Given data>
╭──
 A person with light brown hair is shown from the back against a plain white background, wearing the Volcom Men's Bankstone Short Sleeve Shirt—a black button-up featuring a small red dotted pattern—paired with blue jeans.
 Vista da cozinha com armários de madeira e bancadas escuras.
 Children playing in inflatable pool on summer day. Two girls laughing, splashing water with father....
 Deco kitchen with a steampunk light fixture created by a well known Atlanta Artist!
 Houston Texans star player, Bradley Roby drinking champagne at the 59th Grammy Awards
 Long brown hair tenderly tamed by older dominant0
╰──
╭──
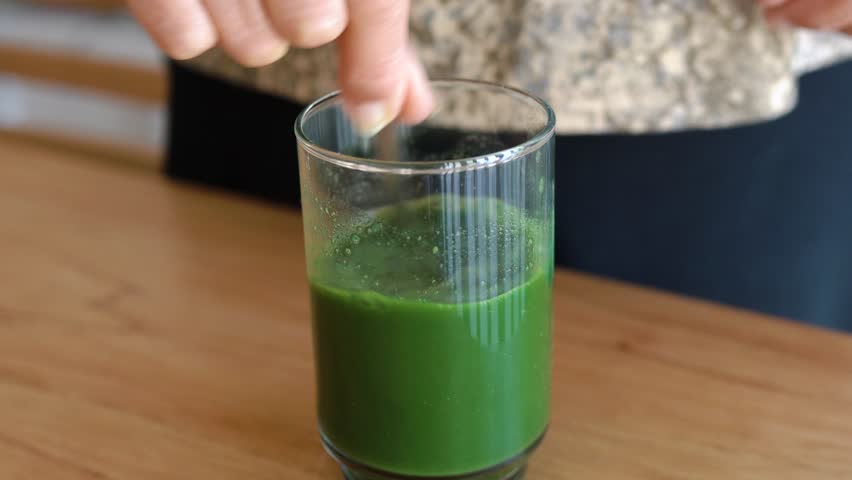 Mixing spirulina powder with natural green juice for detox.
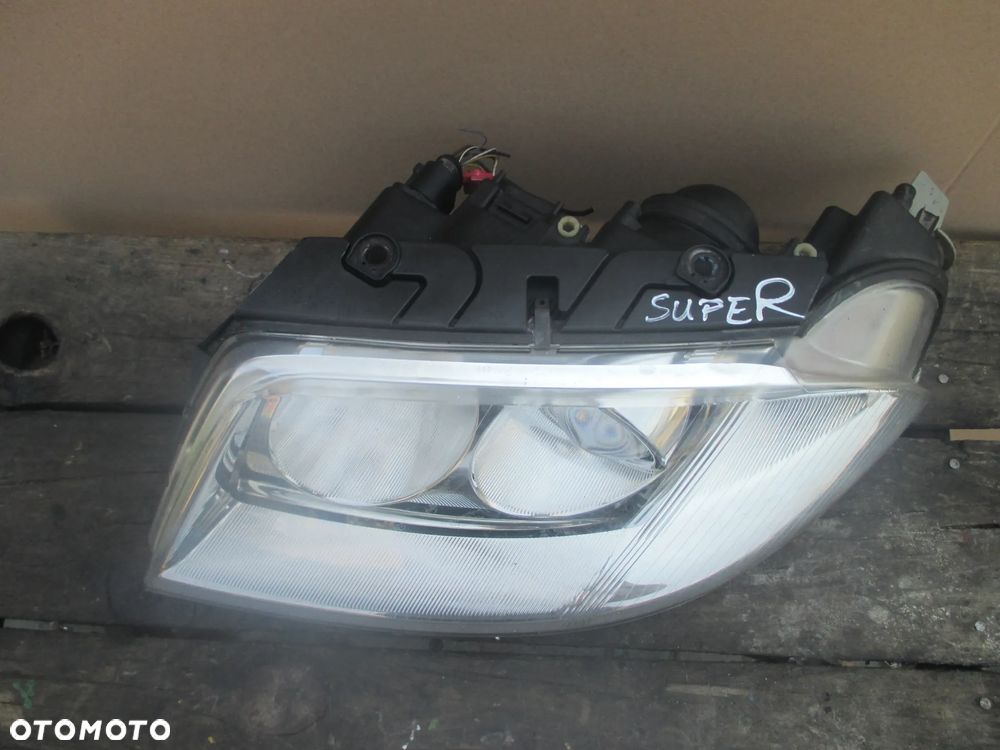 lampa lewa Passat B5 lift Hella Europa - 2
╰──
╭──
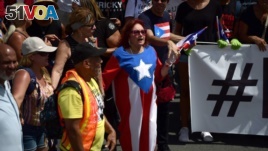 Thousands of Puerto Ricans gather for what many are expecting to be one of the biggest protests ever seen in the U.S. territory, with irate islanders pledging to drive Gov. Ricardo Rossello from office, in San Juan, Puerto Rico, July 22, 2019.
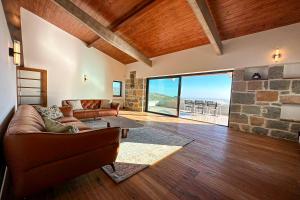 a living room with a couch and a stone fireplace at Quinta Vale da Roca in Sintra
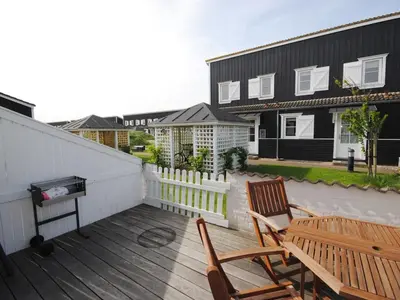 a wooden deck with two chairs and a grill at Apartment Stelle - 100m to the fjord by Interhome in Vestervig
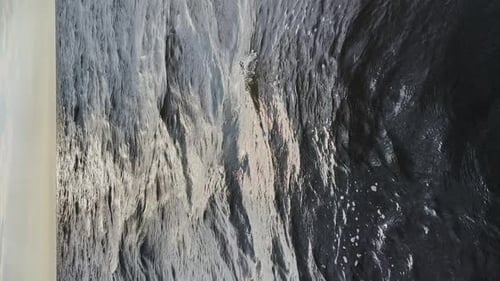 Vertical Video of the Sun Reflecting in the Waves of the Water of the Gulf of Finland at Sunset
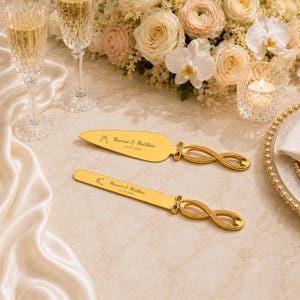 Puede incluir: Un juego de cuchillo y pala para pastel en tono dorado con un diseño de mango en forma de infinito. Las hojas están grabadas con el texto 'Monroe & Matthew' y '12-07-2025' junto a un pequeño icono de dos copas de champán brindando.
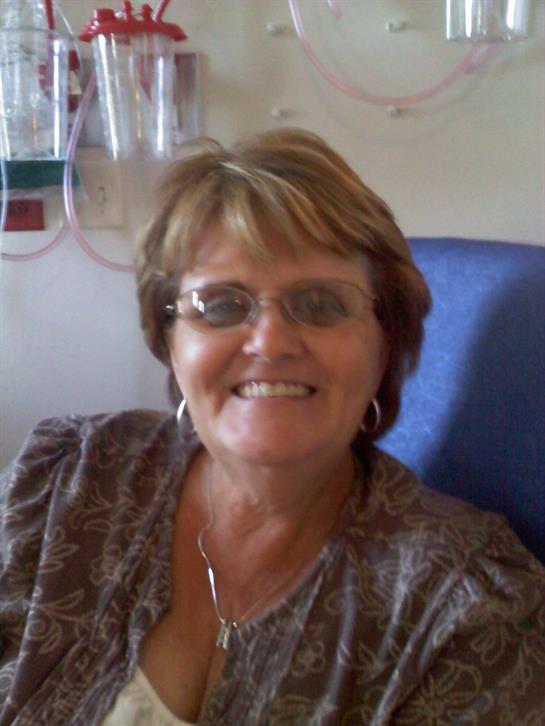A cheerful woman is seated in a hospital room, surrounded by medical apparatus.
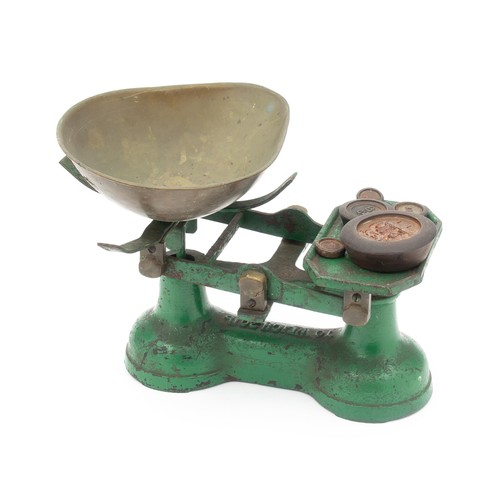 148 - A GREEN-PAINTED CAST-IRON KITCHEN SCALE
╰──
Within the data above, repeat exactly the lines from the one bearing "Mixing spirulina powder" through the one bearing "lampa lewa Passat B5 lift Hella Europa - 2". Include no pictures and nothing else.

Answer section>
 Mixing spirulina powder with natural green juice for detox.
 lampa lewa Passat B5 lift Hella Europa - 2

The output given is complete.